Some of my favorite quotes include:
The range and depth of your friendships accurately reflects your knowledge of the love of God.
If our lives are not rich in love, we must consider the possibility that, however orthodox our theology may be, we have somehow missed the point of Christianity and we must go back to square one.
One small taste of how good life can be will ruin forever a trapped and boring existence.
To know ourselves, and others too, we must take a leap of trust and let people out of the box. Boxes are for the dead, not the living.
God is always present; the problem is that we are not.
The somebody you are striving to be will keep you from knowing anyone else. Let your goal be not to glorify yourself but to glorify others. Stand aside and let them shine—and then see how your own light blazes forth!
Either life is practice, or it is performance. It cannot be both.
The concept I’ve kept circling back around to is this: “A wise teacher … once recommended to me that rather than reading many spiritual books, I should choose one and simply follow that one, reading it over and over and working it into my life.” I personally enjoy hunting for new books to add to my reading list, and I adore checking them off one by one as I finish them. But now it occurs to me that I may have merely created an intellectual obstacle course for myself instead of a transformative habit empowered by the Spirit. Surprisingly, my big takeaway from a book about learning to love has very little to do with love. Then again, perhaps the ideas are more closely linked than I imagine—”The way we relate to books says a great deal about the way we relate to people.” Choosing strategically based on what each selection can offer me, plowing ahead too quickly from one to the next, and engaging with only my head rather than including my heart?
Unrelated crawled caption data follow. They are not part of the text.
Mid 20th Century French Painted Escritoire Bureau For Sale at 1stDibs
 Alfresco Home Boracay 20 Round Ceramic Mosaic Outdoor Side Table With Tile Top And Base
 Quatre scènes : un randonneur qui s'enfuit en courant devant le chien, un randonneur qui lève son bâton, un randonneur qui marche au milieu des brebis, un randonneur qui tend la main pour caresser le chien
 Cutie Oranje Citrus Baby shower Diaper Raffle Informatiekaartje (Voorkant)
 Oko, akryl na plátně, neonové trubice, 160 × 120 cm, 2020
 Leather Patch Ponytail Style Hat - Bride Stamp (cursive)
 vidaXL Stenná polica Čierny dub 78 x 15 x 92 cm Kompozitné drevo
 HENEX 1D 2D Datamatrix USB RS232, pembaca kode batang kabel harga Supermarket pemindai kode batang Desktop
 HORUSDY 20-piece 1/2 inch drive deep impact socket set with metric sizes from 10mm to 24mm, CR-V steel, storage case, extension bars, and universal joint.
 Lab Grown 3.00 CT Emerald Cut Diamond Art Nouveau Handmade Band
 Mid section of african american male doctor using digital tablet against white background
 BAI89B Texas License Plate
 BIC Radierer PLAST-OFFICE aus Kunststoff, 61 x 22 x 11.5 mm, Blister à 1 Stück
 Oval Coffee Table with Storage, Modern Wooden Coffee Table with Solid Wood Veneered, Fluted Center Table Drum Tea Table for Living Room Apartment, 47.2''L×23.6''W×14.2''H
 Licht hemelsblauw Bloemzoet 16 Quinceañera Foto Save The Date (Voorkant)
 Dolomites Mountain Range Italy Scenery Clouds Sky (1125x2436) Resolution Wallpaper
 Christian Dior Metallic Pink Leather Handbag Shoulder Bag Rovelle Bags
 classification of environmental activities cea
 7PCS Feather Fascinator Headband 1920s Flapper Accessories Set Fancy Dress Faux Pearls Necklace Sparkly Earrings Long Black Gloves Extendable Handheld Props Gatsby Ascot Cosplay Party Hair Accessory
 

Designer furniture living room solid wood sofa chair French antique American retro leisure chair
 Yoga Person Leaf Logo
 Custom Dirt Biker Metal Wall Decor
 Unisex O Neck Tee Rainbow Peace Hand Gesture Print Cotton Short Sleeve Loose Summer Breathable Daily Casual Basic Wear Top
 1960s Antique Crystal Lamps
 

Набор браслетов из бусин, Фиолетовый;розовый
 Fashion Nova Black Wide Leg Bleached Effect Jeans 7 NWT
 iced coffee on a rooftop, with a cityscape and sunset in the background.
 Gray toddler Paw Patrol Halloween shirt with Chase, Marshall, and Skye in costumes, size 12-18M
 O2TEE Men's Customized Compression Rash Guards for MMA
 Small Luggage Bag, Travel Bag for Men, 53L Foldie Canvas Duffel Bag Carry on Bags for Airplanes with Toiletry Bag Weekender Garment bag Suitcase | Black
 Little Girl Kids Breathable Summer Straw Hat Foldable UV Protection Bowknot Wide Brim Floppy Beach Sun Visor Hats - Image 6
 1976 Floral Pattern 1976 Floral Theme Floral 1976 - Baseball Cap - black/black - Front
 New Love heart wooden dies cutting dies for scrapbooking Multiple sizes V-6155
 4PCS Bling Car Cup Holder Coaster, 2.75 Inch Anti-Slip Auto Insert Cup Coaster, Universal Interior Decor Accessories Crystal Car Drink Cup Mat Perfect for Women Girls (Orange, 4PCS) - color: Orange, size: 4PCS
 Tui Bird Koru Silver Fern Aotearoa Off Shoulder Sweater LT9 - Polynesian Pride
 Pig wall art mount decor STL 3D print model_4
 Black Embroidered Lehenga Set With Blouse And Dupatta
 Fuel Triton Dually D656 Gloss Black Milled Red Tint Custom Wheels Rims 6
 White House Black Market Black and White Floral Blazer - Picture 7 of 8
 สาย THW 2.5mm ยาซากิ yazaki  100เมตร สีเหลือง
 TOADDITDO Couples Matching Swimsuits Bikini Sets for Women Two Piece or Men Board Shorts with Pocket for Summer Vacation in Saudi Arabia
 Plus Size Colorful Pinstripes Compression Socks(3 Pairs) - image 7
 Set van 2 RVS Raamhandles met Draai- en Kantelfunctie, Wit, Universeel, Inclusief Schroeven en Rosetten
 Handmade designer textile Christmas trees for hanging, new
Maybe not the best approach to books or friends.
Ten journaling questions based on the text:
- How can I remind myself to marvel at the image of God in every face I encounter throughout the day?
- If my happiness is directly related to how many people I love, what changes could I make to increase that happiness?
- How does my most troubled relationship reflect the state of my overall spiritual health?
- Where have I been living pinched and stingy with my love?
- How might I shift the center of gravity in my relationships from serving others in order to change them to making changes in myself in order to serve others?
- What would it take to get in touch with the soft, precious core of the real me (rather than the diamond-hard mask I use for protection)?
- What (or whom) have I been viewing as inconveniences that God meant as enrichment?
- Where has pride kept me from the dance of friendship?
- How have I been chasing perfection rather than enjoying freedom?
- Do I listen for the mood of each day and live accordingly, or do I arm myself against reality with expectations and agendas?